[Exercise] Repeat the listing exactly, minus the pictures.
▼▼▼
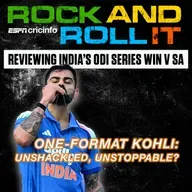 INDvSA ODI series review: Kohli 👑 | Arshdeep 💪 | South Africa 📈 | Rock and Roll It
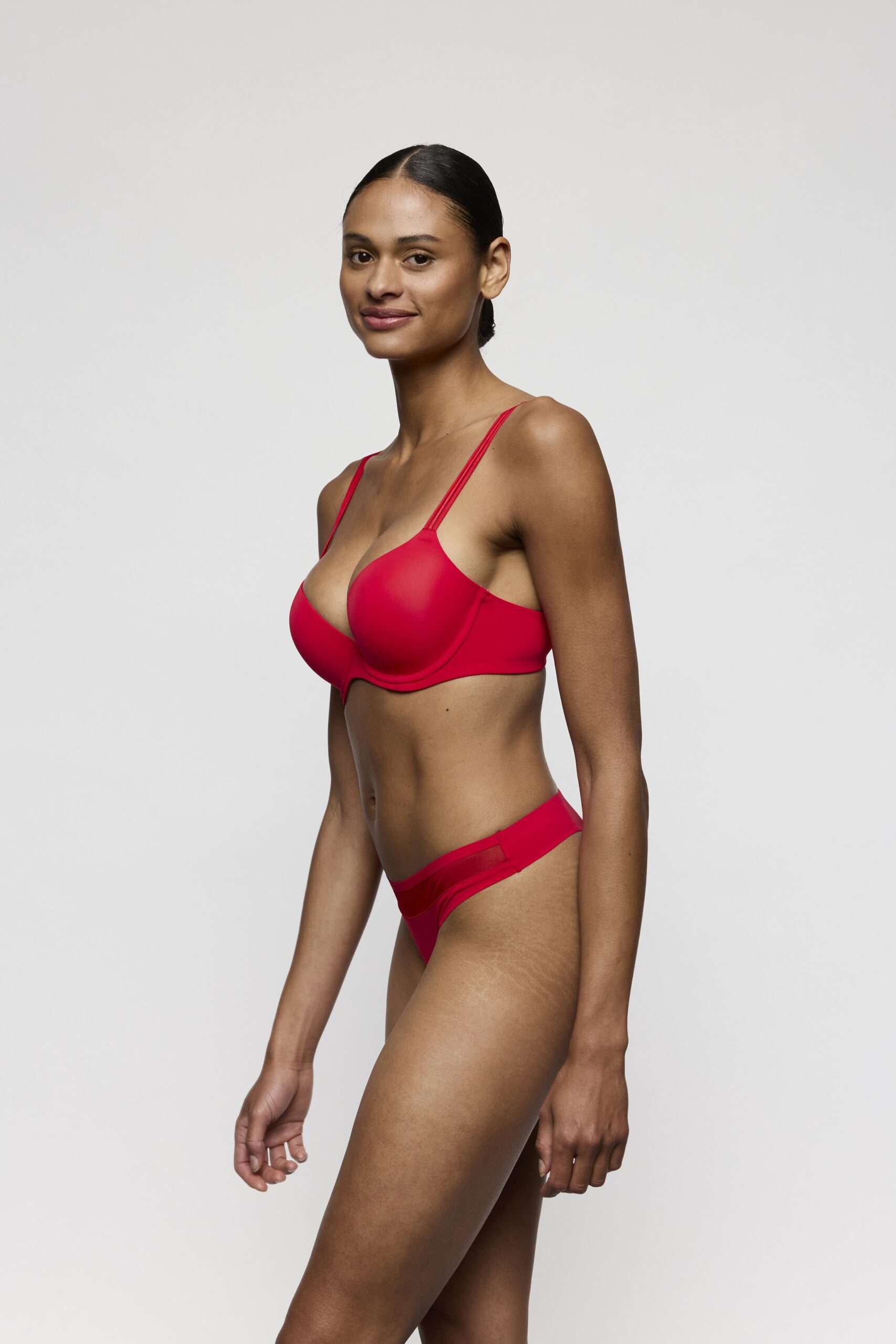 LOUIE true red push-up bh LOUIE true red push-up bh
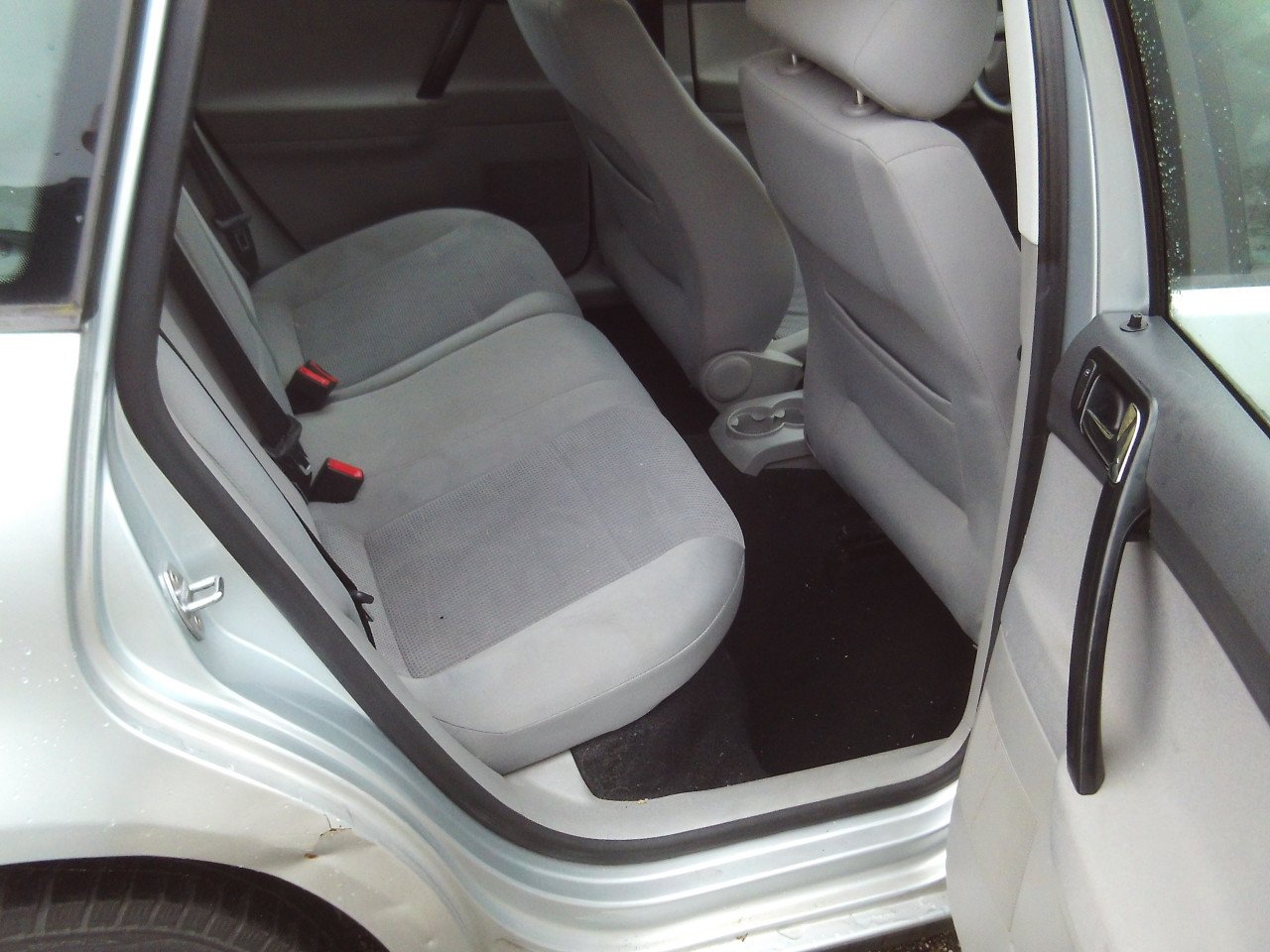 Volkswagen Polo 1,4 16v , 4 deurs, bouwjaar 2006, apk gekeurd
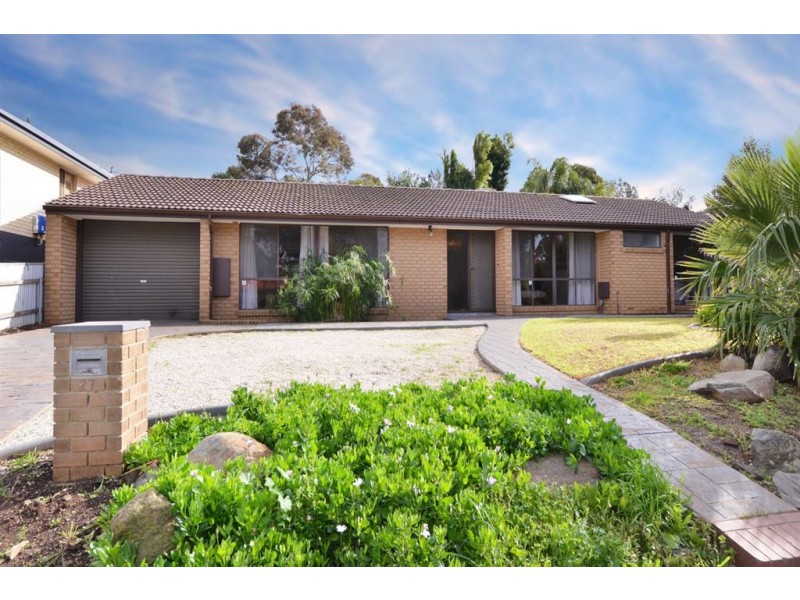 27 Tindall Crescent, Sheidow Park SA 5158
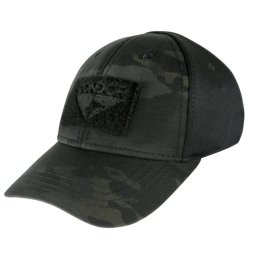 Čepice taktická FLEX MULTICAM BLACK® vel. S-M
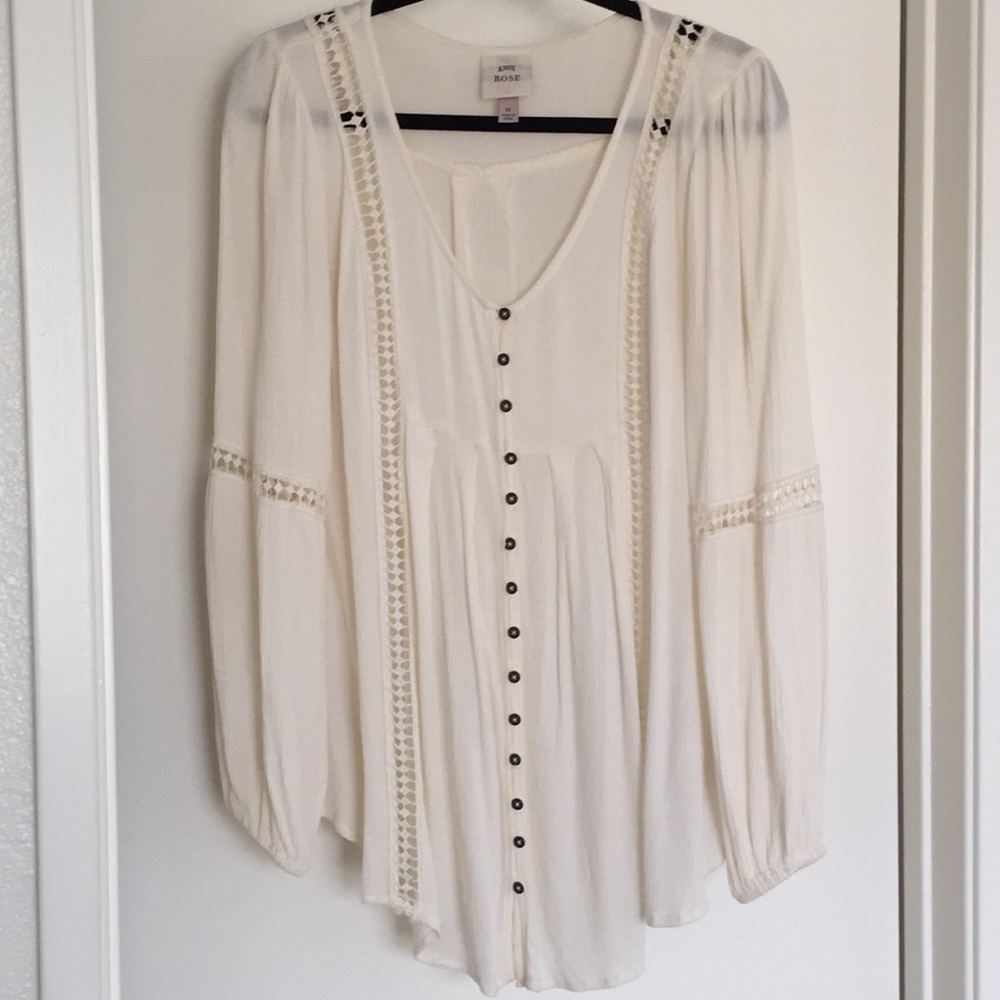 Knox Rose Tunic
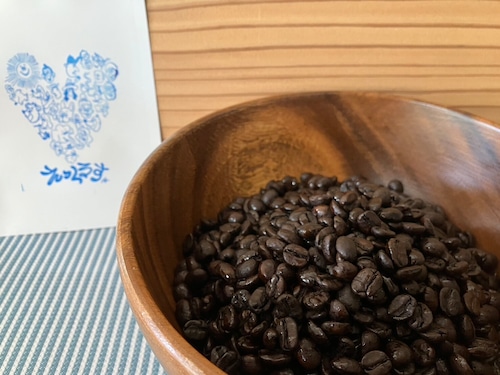 【挽き豆・デカフェ】 コスタリカ産ジャガーハニー中深煎り200g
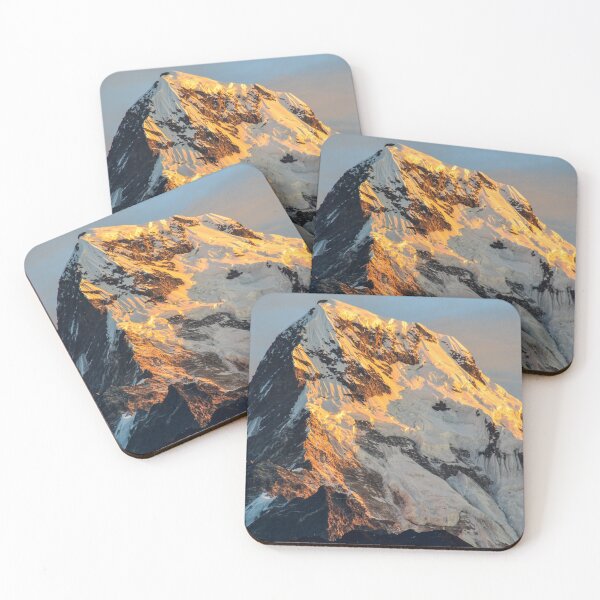 Item preview, Sunset in Annapurna designed and sold by MartinxMarie.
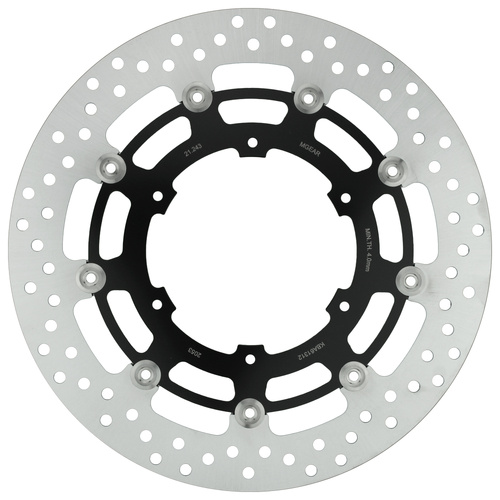Brake Disc Rotor - Front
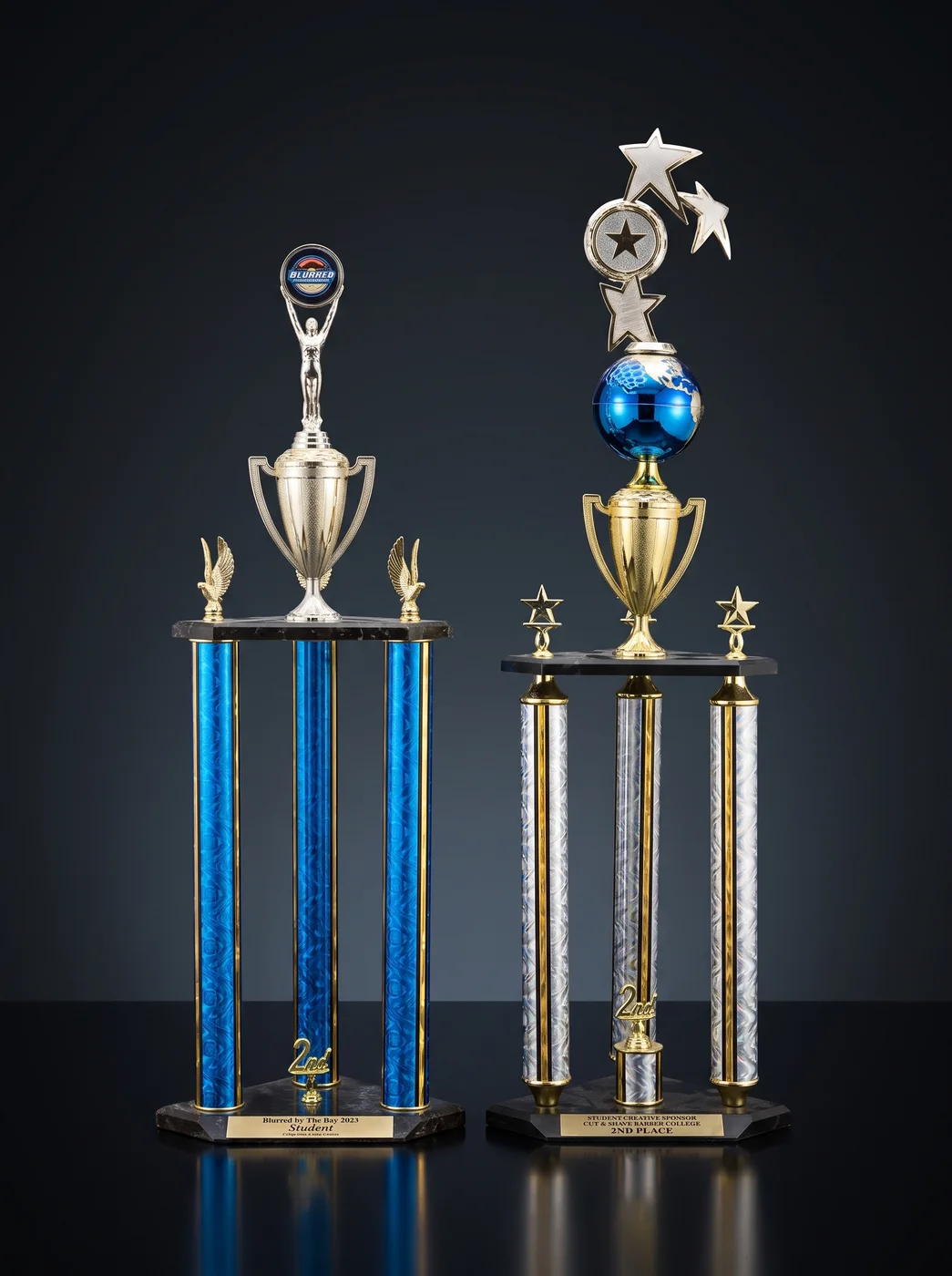 Competition trophy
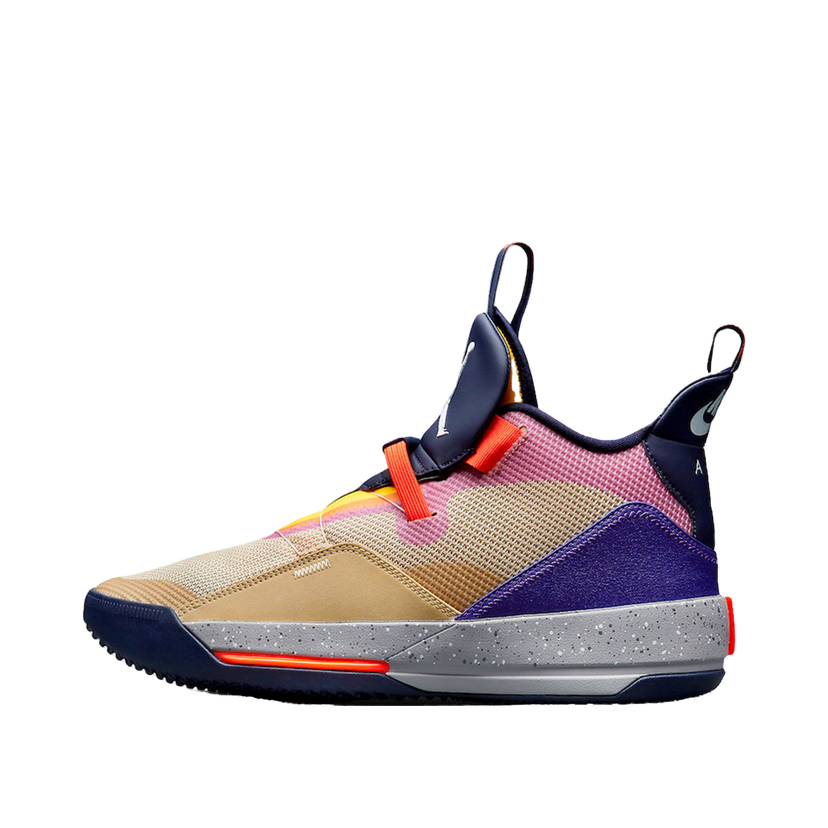 Кросівки та взуття Jordan Air Jordan 33 Visible Utility Різнокольоровий | AQ8830-200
▲▲▲
[Your response]
 INDvSA ODI series review: Kohli 👑 | Arshdeep 💪 | South Africa 📈 | Rock and Roll It
 LOUIE true red push-up bh LOUIE true red push-up bh
 Volkswagen Polo 1,4 16v , 4 deurs, bouwjaar 2006, apk gekeurd
 27 Tindall Crescent, Sheidow Park SA 5158
 Čepice taktická FLEX MULTICAM BLACK® vel. S-M
 Knox Rose Tunic
 【挽き豆・デカフェ】 コスタリカ産ジャガーハニー中深煎り200g
 Item preview, Sunset in Annapurna designed and sold by MartinxMarie.
Brake Disc Rotor - Front
 Competition trophy
 Кросівки та взуття Jordan Air Jordan 33 Visible Utility Різнокольоровий | AQ8830-200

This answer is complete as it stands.